La mobilité des biens et des personnes est un élément cher à notre constitution, vu son rôle dans le développement économique d’un pays. L’article 33 de la constitution du Burundi garantit ces libertés de mouvement et de circuler à travers ces mots « Tous les citoyens burundais ont le droit de circuler et de s’établir librement n’importe où sur le territoire national, ainsi que de le quitter et d’y revenir ». Cet article est complété par l’article 25 qui garantit le droit à la liberté du mouvement à tout citoyen burundais. Par-là, une mesure qui exclut une catégorie de citoyens d’accéder dans un endroit, ou limiter leur droit de circuler suite aux moyens de transport qu’ils utilisent, bafoue la constitution, et mérite d’être revue.

Un transport en commun lacunaire

En plus d’être insuffisants, les bus de transport ne se sont pas adaptés à l’expansion rapide de la capitale économique.
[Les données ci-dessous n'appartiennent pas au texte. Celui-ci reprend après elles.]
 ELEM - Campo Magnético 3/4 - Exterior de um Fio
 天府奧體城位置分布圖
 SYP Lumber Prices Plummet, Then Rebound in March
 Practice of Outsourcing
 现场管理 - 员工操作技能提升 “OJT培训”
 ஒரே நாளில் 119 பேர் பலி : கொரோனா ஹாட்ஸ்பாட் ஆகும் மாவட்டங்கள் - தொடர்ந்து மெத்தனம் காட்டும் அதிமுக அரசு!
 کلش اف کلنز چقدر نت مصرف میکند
C’est là que les deux roues et les tricycles apparaissaient comme pneu de secours, via la densité de la couverture spatiale et la flexibilité des prix et du parcours. « Ils arrivent partout, déposent le client exactement là où il souhaite descendre, quel que soit l’état du quartier et de la rue empruntée, contrairement au bus de transport en commun », explique Jeanne Nshimirimana, rencontrée sur la longue ligne d’attente du parking au centre-ville.

Le faible pouvoir d’achat

Si quelqu’un a recours aux tricycles, ce n’est pas parce qu’il ignore où se trouve le parking des taxi-voitures. La raison : ses moyens ne le lui permettent pas. Sans augmentation de revenues, si un Burundais lambda, avec notre PIB par habitant de 269 USD, doit utiliser un moyen de transports quatre ou cinq fois plus chers que ce qu’il prenait, cela va être très dur à supporter financièrement. Soit, il devra couper dans d’autres dépenses essentielles, soit marcher à pied si c’est possible, soit renoncer au déplacement, ou alors le faire dans de mauvaises conditions.
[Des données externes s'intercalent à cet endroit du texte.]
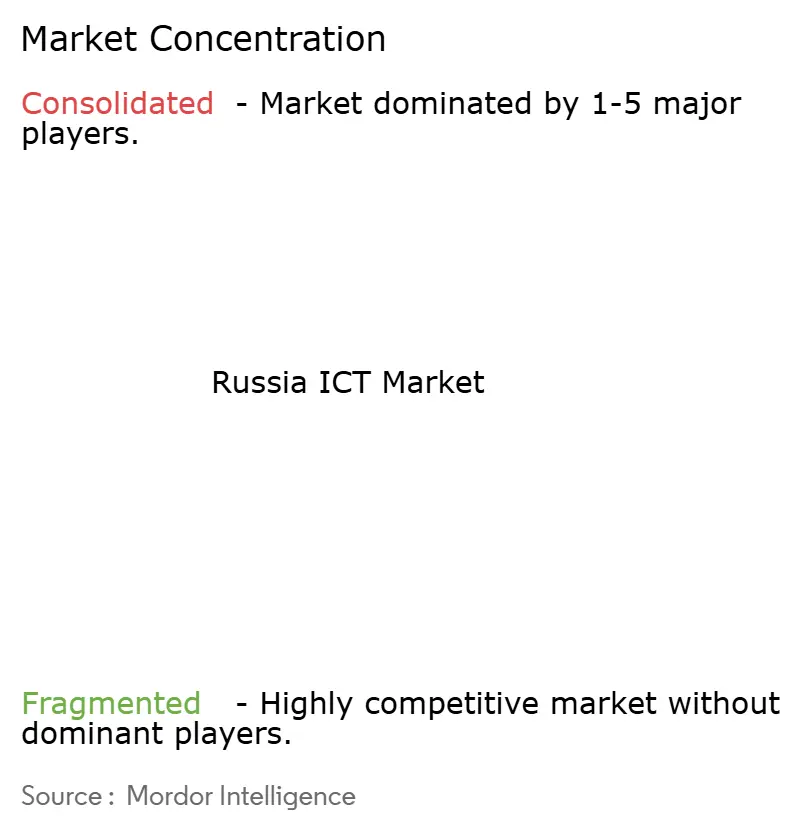 Russia ICT Market Concentration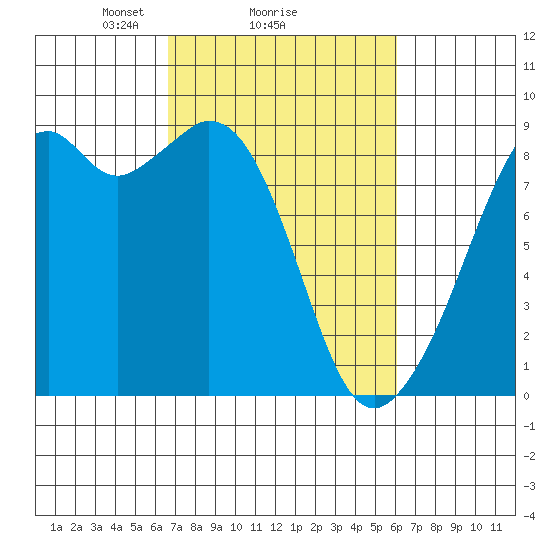 Indian Island tide chart for Friday, March 7, 2025
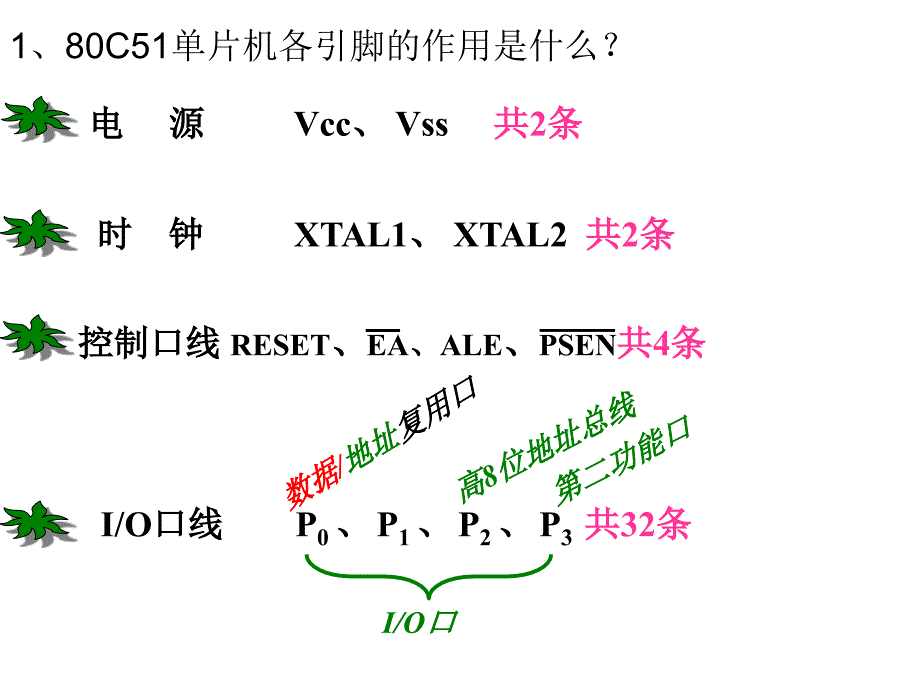 最新微机原理2章思考与习PPT课件_第2页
Entrave au Plan National de Développement

Capitale économique, la ville de Bujumbura doit créer un boom économique, et alimenter la croissance économique du Burundi. Et d’ailleurs, le gouvernement a une volonté de faire du Burundi un pays émergent d’ici 2040 avec un taux de croissance à deux chiffres. Malheureusement, une telle mesure nuit à l’esprit entrepreneurial, et décourage les investisseurs locaux. En effet, cette mesure va clouer au sol les initiatives des jeunes entrepreneurs qui avaient investi dans ces moyens de transport, des entreprises vendeuses de ces moyens de transports, des mécaniciens qui réparent ces outils de transport, des vendeurs des pièces de rechange, jusqu’à ceux qui exerçaient le métier de lavage de ces engins. Or, souvenez-vous que les investisseurs étrangers viennent rarement investir là où les investisseurs locaux ont eu peur d’investir. 
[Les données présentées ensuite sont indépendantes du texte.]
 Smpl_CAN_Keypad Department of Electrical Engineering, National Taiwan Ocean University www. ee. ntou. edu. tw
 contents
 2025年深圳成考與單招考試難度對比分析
Last but not the least, ces moyens de transport sont d’un grand support à l’économie nationale. Ils sont utilisés par les petits commerçants ambulants, les petites et moyennes entreprises pour leurs services, des fonctionnaires et autres agents pour se rendre aux bureaux, et même pour ceux qui travaillent dans le secteur informel. Avec cette mesure, il y aura donc un impact négatif sur la vie socio-économique du Burundi, d’où la révision de cette mesure serait un atout de taille au nom et aux bienfaits de la liberté économique.